ABOUT THIS TASK ▸ Every record needs to come back as written, except for the pictures.

>>>>

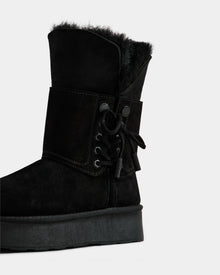 The Rudsak INESA - L225026 Black is a women's suede platform boot with a wool lining, thick sole, and ankle lace-up detail, shown on a plain white background.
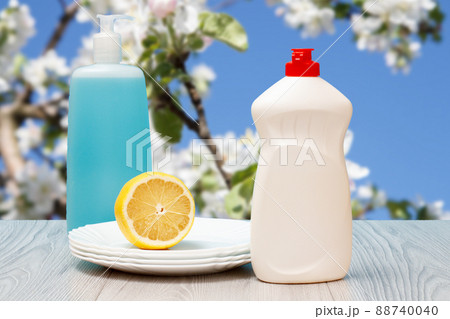 Bottles of dishwashing liquid, plates and lemon. 88740040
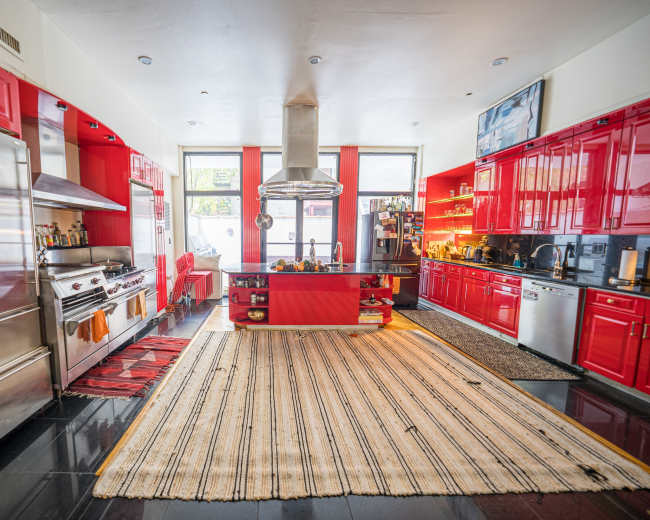 A spacious kitchen features red cabinetry, stainless steel appliances, and a central island with a polished surface, surrounded by patterned rugs.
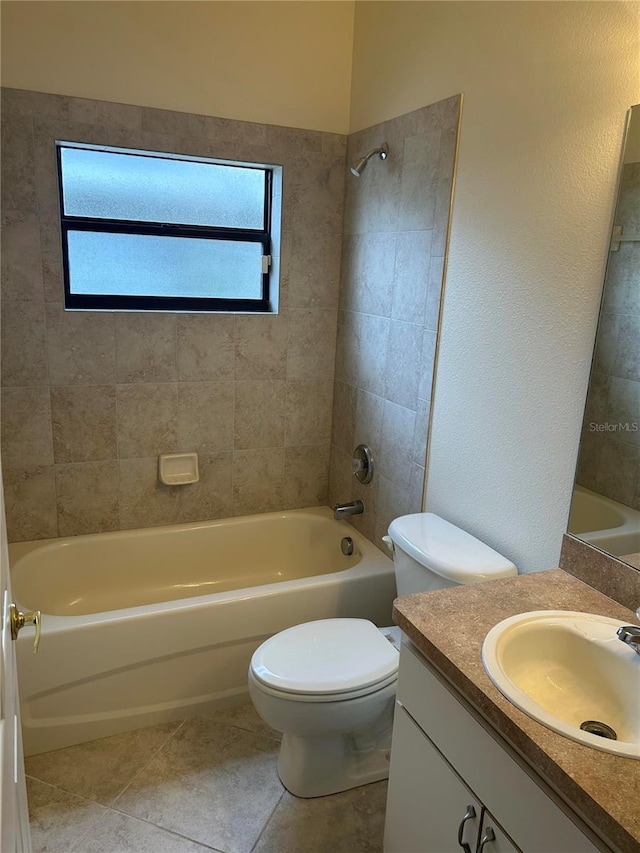 11520 Lounds Ct, New Port Richey, FL 34654 - bathroom with vanity, shower / bathtub combination, toilet, and tile patterned flooring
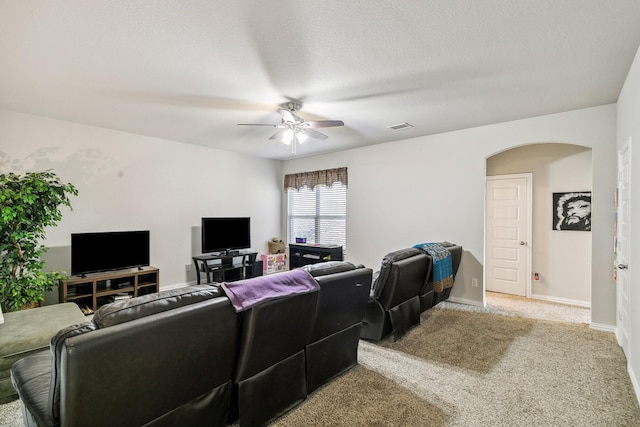 living room featuring carpet, baseboards, visible vents, a ceiling fan, and arched walkways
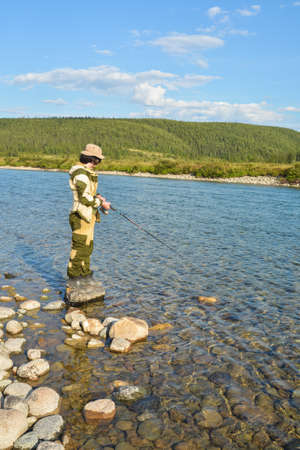 Fisherman on the river. A young man fishes with a spinning rod on the northern pebble river.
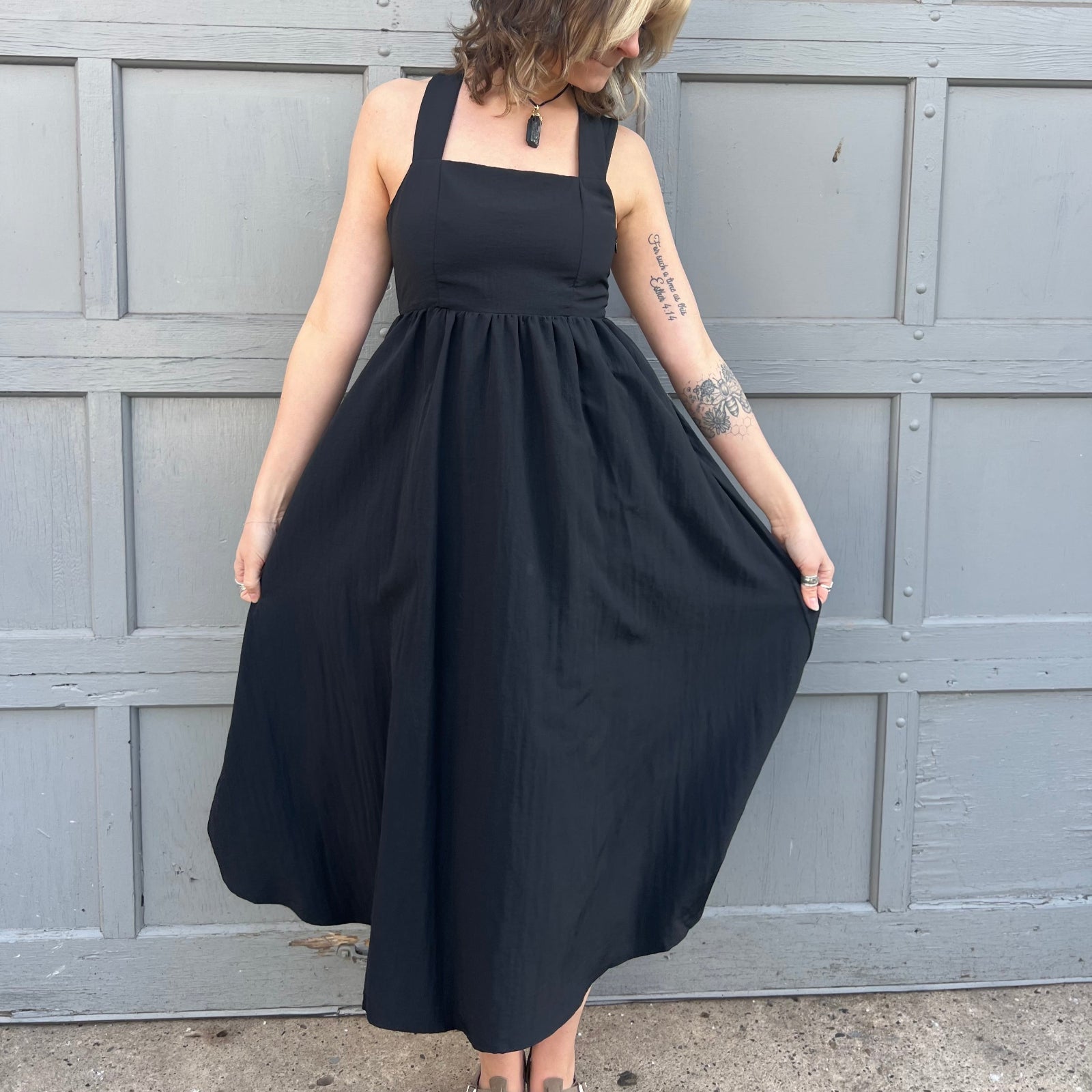 A woman wearing the Black Woven Polyester Nylon Back Cross Strap Midi Dress with sandals and a black crystal necklace.
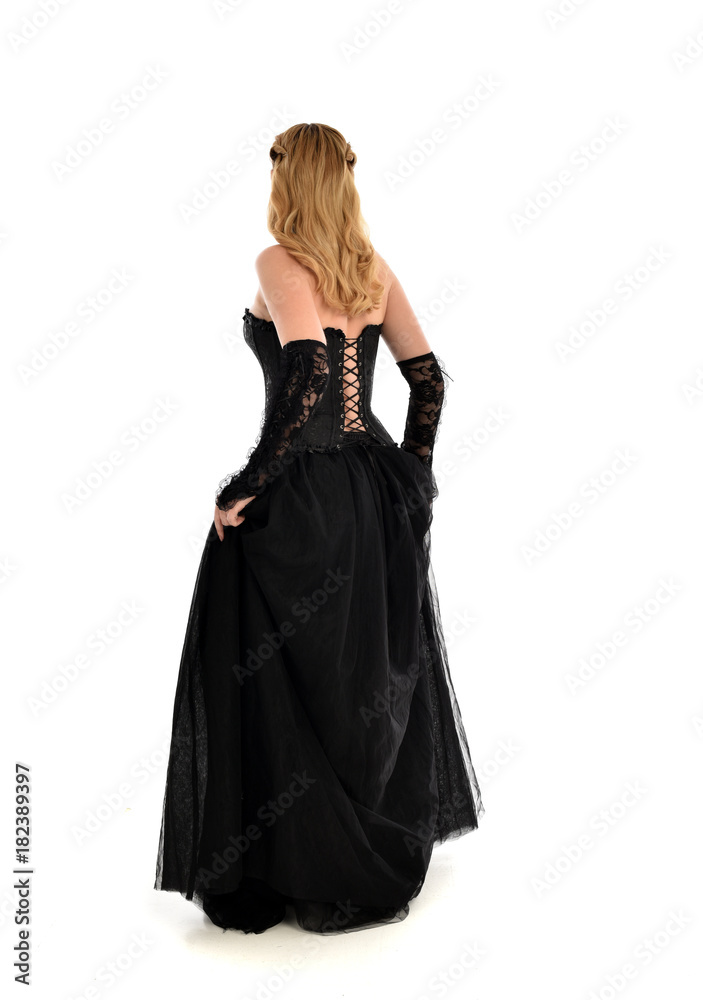 full length portrait of a blonde girl wearing black gothic gown. standing pose, isolated on white background. full length portrait of a blonde girl wearing black gothic gown. standing pose, isolated on white background.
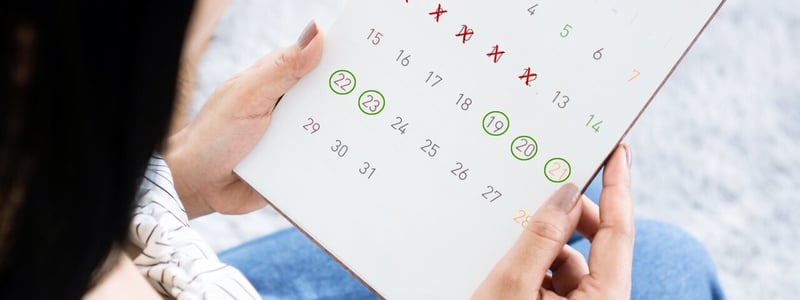 Frau betrachtet Zykluskalender in ihrer Hand.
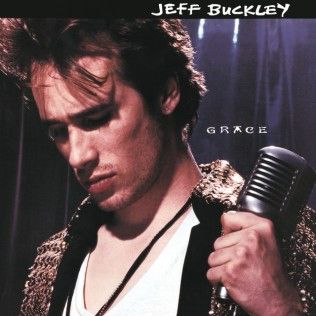 Cover of Jeff Buckley's album Grace. Features Buckley looking down while holding a microphone in his left hand. 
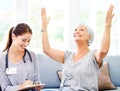 Your test came back negative. A doctor explaining positive test results to an overjoyed senior patient.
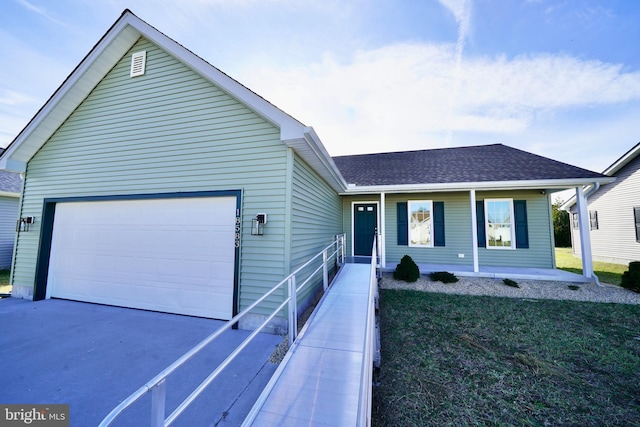 view of front of property with a front yard and a garage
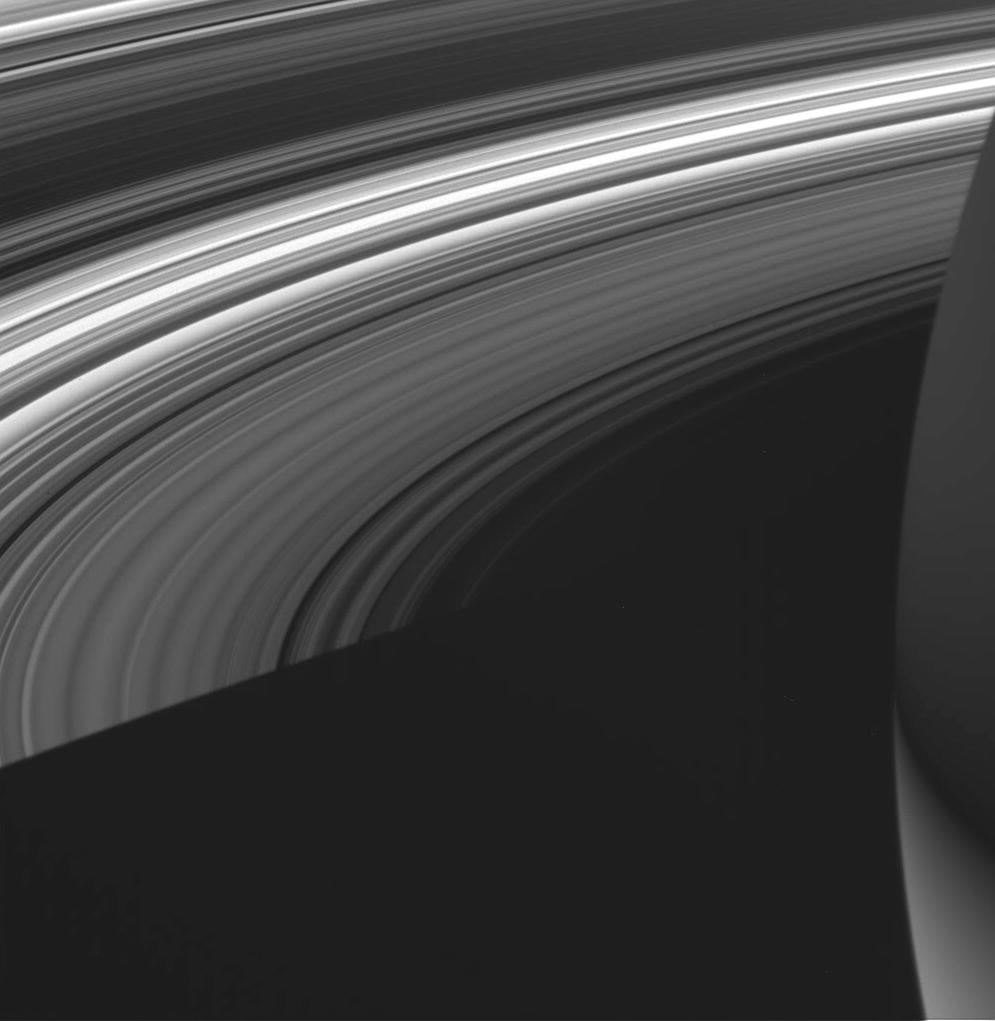 This view shows the unlit side of Saturn's rings made visible by sunlight filtering through the rings from the lit side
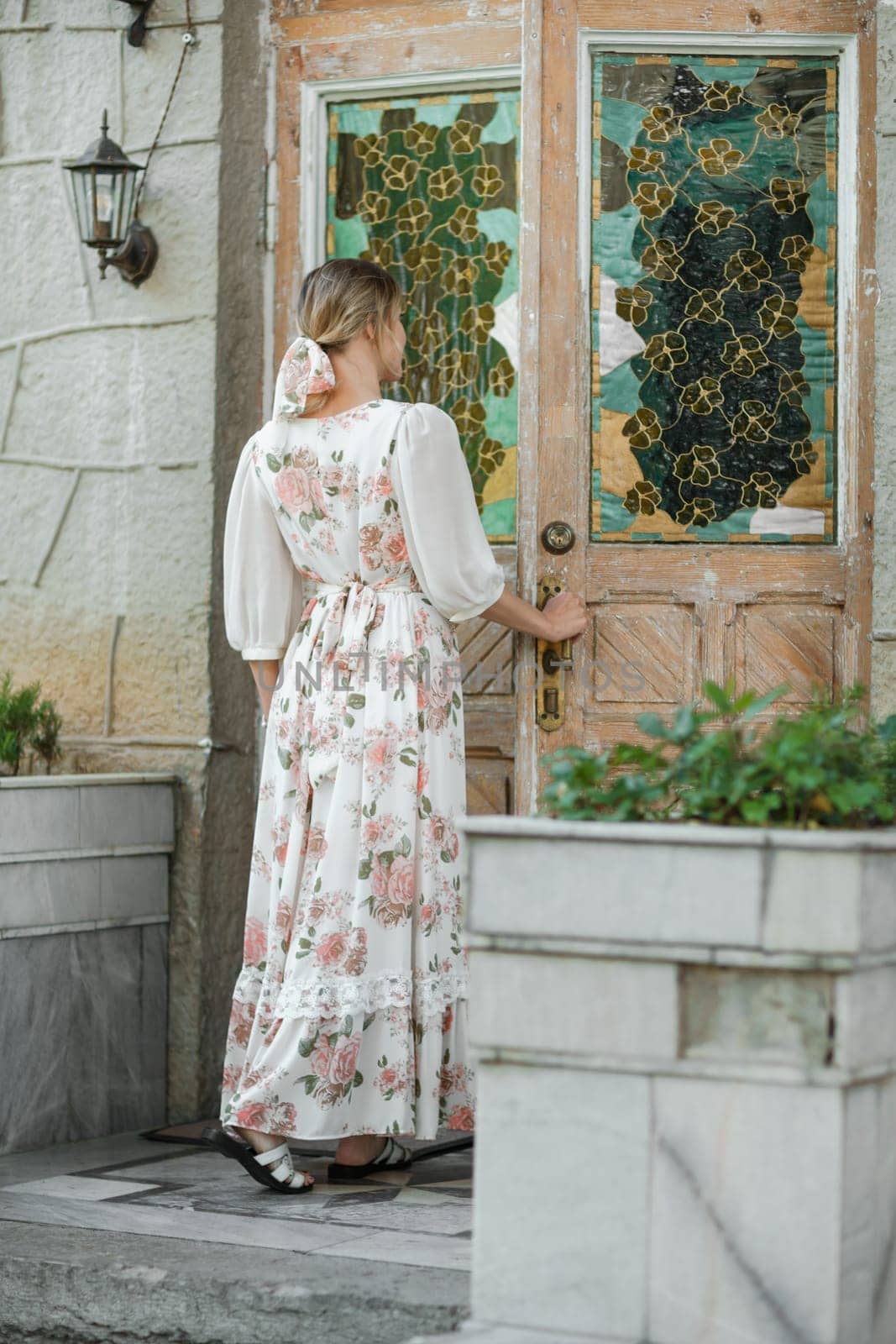 a woman in a flower dress opens the door to the house.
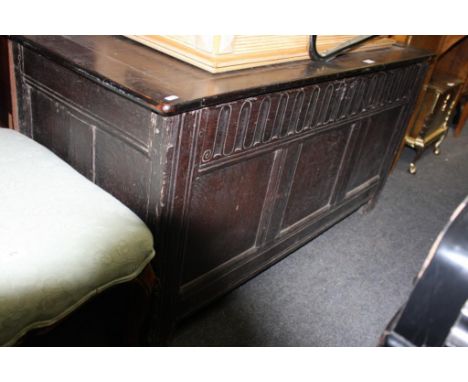 the large trunk opening to reveal an unfitted interior raised on short legs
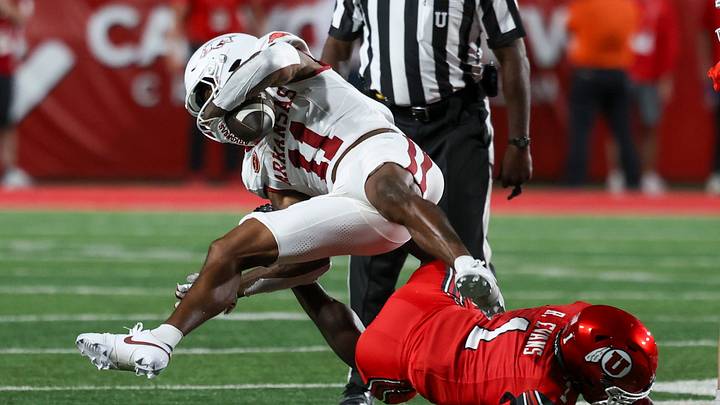 Sep 12, 2026; Salt Lake City, Utah, USA; Arkansas Razorbacks wide receiver Monte Harrison (11) is tripped up by Utah Utes safety Rabbit Evans (1) during the first quarter at Rice-Eccles Stadium. Mandatory Credit: Rob Gray-Imagn Images Sep 12, 2026; Salt Lake City, Utah, USA; Arkansas Razorbacks wide receiver Monte Harrison (11) is tripped up by Utah Utes safety Rabbit Evans (1) during the first quarter at Rice-Eccles Stadium. Mandatory Credit: Rob Gray-Imagn Images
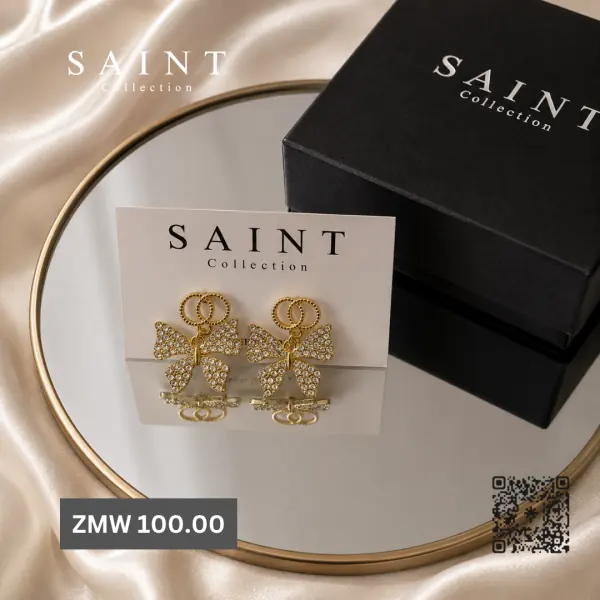 Crystal bow earrings on a Saint Collection card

<<<<

RESULT OF THE TASK ▸
 The Rudsak INESA - L225026 Black is a women's suede platform boot with a wool lining, thick sole, and ankle lace-up detail, shown on a plain white background.
 Bottles of dishwashing liquid, plates and lemon. 88740040
 A spacious kitchen features red cabinetry, stainless steel appliances, and a central island with a polished surface, surrounded by patterned rugs.
 11520 Lounds Ct, New Port Richey, FL 34654 - bathroom with vanity, shower / bathtub combination, toilet, and tile patterned flooring
 living room featuring carpet, baseboards, visible vents, a ceiling fan, and arched walkways
 Fisherman on the river. A young man fishes with a spinning rod on the northern pebble river.
 A woman wearing the Black Woven Polyester Nylon Back Cross Strap Midi Dress with sandals and a black crystal necklace.
 full length portrait of a blonde girl wearing black gothic gown. standing pose, isolated on white background. full length portrait of a blonde girl wearing black gothic gown. standing pose, isolated on white background.
 Frau betrachtet Zykluskalender in ihrer Hand.
 Cover of Jeff Buckley's album Grace. Features Buckley looking down while holding a microphone in his left hand. 
 Your test came back negative. A doctor explaining positive test results to an overjoyed senior patient.
 view of front of property with a front yard and a garage
 This view shows the unlit side of Saturn's rings made visible by sunlight filtering through the rings from the lit side
 a woman in a flower dress opens the door to the house.
 the large trunk opening to reveal an unfitted interior raised on short legs
 Sep 12, 2026; Salt Lake City, Utah, USA; Arkansas Razorbacks wide receiver Monte Harrison (11) is tripped up by Utah Utes safety Rabbit Evans (1) during the first quarter at Rice-Eccles Stadium. Mandatory Credit: Rob Gray-Imagn Images Sep 12, 2026; Salt Lake City, Utah, USA; Arkansas Razorbacks wide receiver Monte Harrison (11) is tripped up by Utah Utes safety Rabbit Evans (1) during the first quarter at Rice-Eccles Stadium. Mandatory Credit: Rob Gray-Imagn Images
 Crystal bow earrings on a Saint Collection card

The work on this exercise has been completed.